Dalam momen itu, LMKN menyampaikan rencana pengembangan sistem monitoring digital yang mampu merekam penggunaan karya secara real time, termasuk dari platform streaming, konser, hotel, restoran, dan ruang publik lainnya.
Meski demikian, Baleg menilai modernisasi tersebut harus disertai standar akurasi data, interoperabilitas, serta mekanisme pengawasan.
Baca juga: Alasan WAMI Tunda Pendistribusian Royalti |
Dalam keterangan pers, Jumat (28/11/2025), Melly Goeslaw menekankan, teknologi tidak boleh sekadar menjadi jargon. Sistem digital harus benar-benar dapat dipertanggungjawabkan, mudah diaudit, dan menyediakan akses data yang jujur bagi pencipta.
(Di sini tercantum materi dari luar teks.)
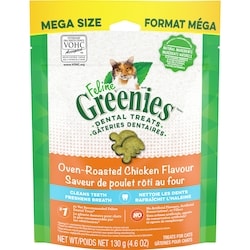 Greenies Gâteries dentaires pour chats adultes Feline, saveur de poulet rôti au four 130 g, 6,53 $/100g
"Buat saya royalti itu bukan hanya sekadar angka, tapi juga penghargaan atas waktu, perasaan, tenaga dan kehidupan serta dedikasi kami untuk sebuah karya," ujar Melly Goeslaw.
Ia juga mendorong peningkatan literasi bagi pencipta agar dapat memahami sumber royalti, pola distribusi, serta hak-hak yang melekat pada karya mereka di ranah digital.
"Saya mau memberikan sedikit rekomendasi, jadi kalau bisa pisahkan dengan tegas kategori belum diklaim versi tidak diketahui penciptanya. Karena implikasinya menurut saya berbeda antara belum diklaim dan tidak diketahui penciptanya," tutur Melly.
"Selain itu, wajibkan best effort search. LMKN harus aktif mencari pencipta menggunakan database yang tersedia sebelum dana dianggap unclaim. Lalu wajibkan publikasi daftar royalti unclaim agar pencipta dapat mengecek dan klaim haknya secara mandiri," sambungnya.
Sebelumnya, LMKN memaparkan kondisi aktual pengelolaan royalti, termasuk upaya digitalisasi, peningkatan akurasi data penggunaan musik, dan langkah untuk memperbaiki transparansi distribusi.